▶ [Work order]:
Go through the material and pull out every line with the string "truck" in it.

▶ [Provided data]:
************
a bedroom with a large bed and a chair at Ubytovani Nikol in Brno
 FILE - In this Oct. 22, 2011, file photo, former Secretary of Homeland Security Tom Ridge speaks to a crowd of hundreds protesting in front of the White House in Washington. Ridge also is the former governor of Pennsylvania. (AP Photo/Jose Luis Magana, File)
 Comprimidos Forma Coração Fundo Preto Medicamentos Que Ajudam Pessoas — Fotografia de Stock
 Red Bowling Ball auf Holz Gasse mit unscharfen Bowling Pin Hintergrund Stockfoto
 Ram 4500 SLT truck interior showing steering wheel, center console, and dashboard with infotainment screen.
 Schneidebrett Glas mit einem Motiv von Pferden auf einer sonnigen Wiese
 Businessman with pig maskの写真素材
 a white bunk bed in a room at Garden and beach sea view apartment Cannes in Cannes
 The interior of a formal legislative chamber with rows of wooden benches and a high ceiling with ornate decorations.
************
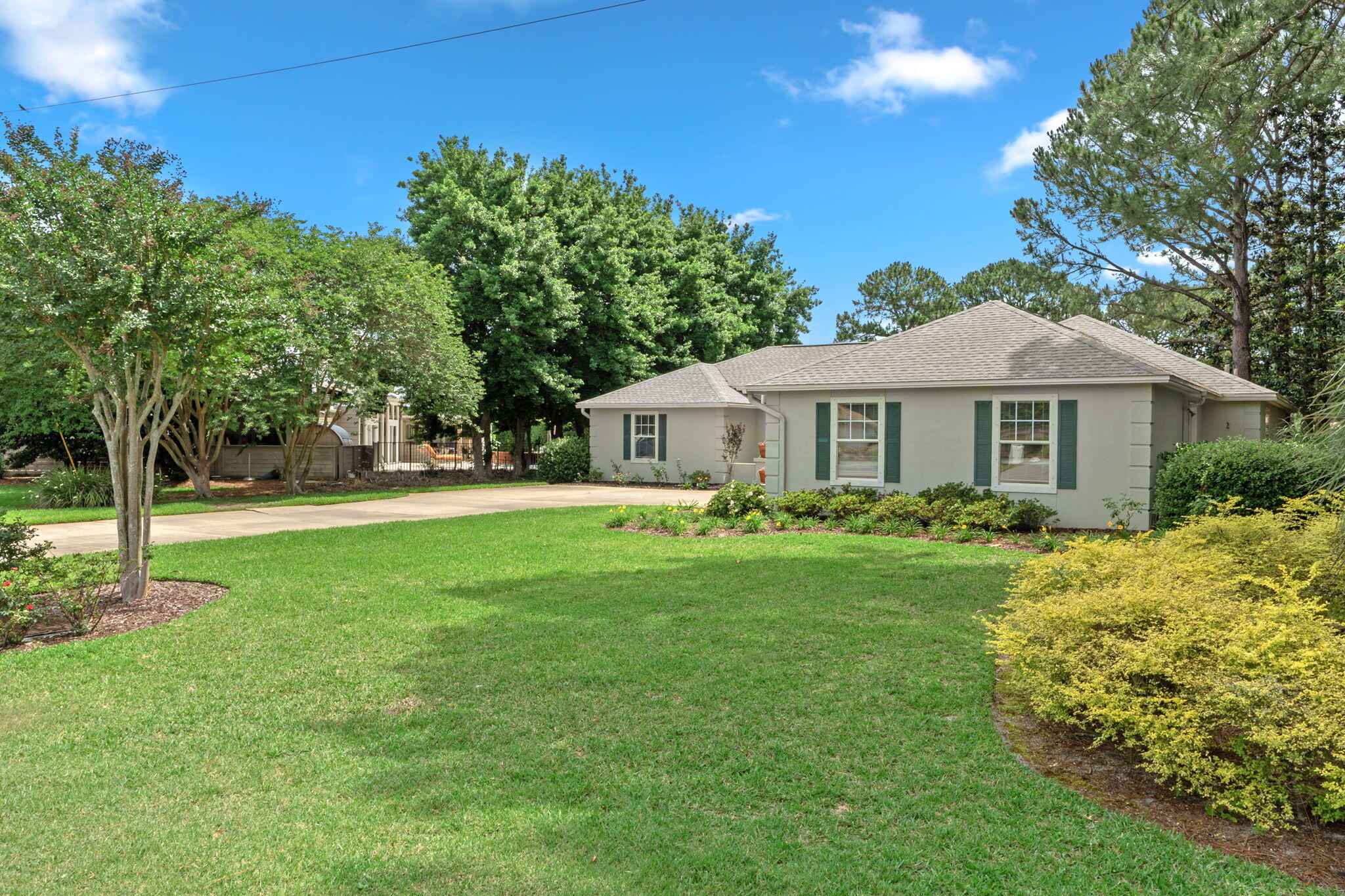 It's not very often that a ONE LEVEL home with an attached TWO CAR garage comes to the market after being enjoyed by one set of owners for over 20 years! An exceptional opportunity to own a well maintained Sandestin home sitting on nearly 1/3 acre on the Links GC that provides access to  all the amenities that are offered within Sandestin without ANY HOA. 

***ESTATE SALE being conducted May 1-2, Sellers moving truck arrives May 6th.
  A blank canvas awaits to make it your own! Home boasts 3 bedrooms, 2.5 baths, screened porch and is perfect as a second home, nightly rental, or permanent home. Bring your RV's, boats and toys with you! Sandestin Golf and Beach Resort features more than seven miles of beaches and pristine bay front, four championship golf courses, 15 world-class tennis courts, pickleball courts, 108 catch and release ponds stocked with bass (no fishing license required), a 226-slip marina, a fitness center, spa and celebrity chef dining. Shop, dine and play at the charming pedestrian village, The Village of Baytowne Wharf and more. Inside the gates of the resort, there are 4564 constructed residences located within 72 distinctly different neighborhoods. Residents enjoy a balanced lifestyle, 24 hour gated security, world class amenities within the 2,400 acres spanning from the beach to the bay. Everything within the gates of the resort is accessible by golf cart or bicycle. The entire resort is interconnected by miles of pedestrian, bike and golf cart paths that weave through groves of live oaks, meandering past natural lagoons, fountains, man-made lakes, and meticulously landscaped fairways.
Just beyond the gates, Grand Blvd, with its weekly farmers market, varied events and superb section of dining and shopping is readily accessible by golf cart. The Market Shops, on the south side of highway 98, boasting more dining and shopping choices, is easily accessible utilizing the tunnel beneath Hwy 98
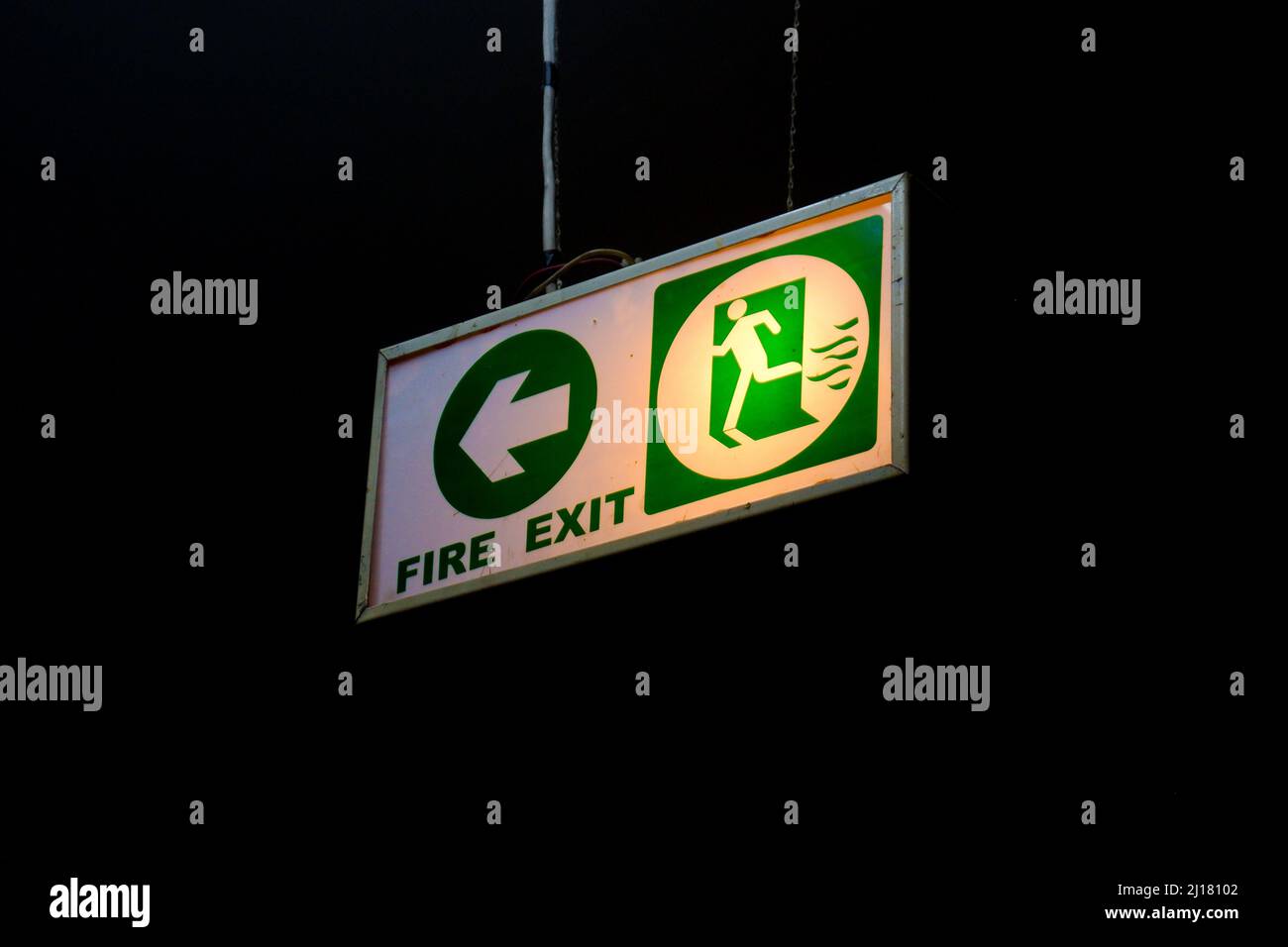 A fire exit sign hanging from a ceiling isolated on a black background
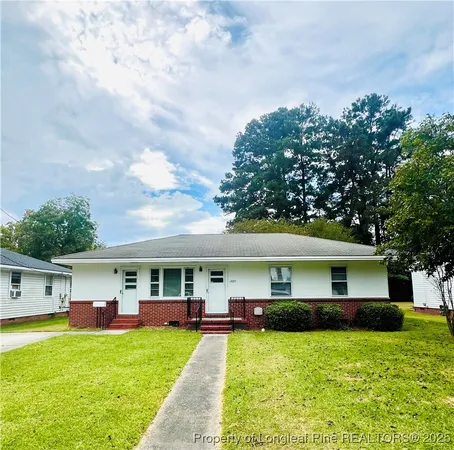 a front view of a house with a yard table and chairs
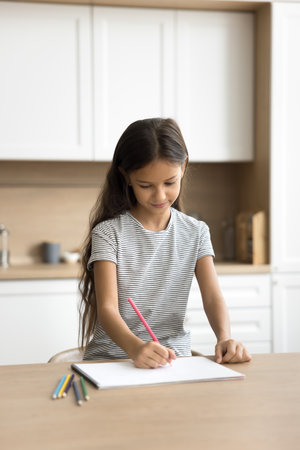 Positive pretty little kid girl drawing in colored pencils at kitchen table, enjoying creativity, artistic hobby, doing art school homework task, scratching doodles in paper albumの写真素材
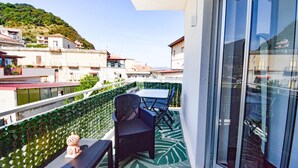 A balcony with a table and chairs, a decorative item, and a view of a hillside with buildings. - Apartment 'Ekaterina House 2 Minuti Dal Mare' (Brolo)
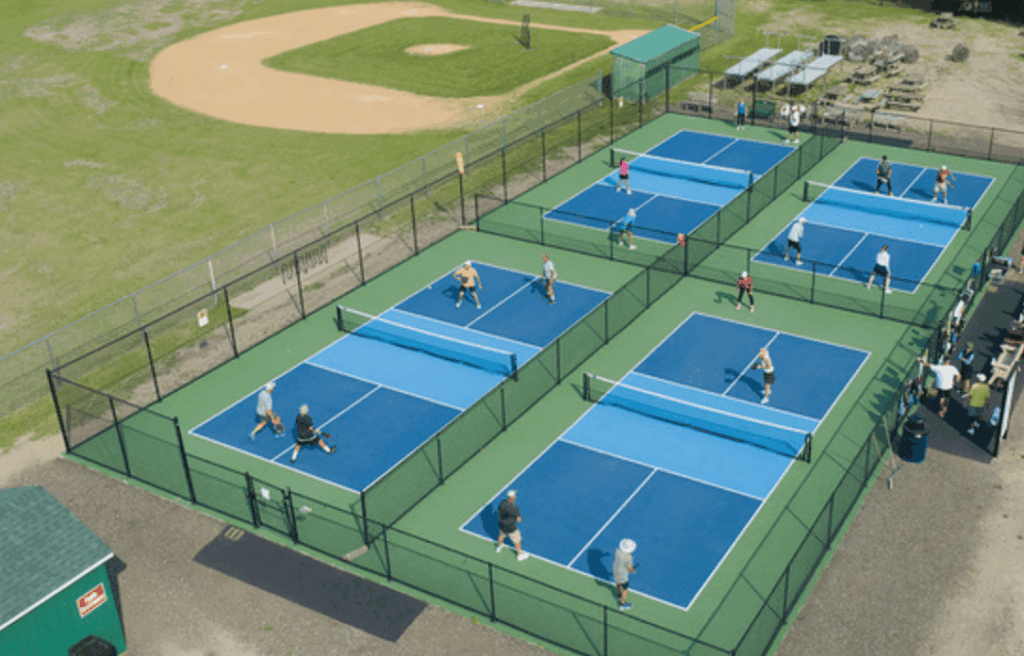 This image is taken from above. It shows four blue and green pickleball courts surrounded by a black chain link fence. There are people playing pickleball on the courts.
************
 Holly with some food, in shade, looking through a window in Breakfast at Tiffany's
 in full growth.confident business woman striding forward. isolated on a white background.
************
▶ [Result of this task]:
 Ram 4500 SLT truck interior showing steering wheel, center console, and dashboard with infotainment screen.
***ESTATE SALE being conducted May 1-2, Sellers moving truck arrives May 6th.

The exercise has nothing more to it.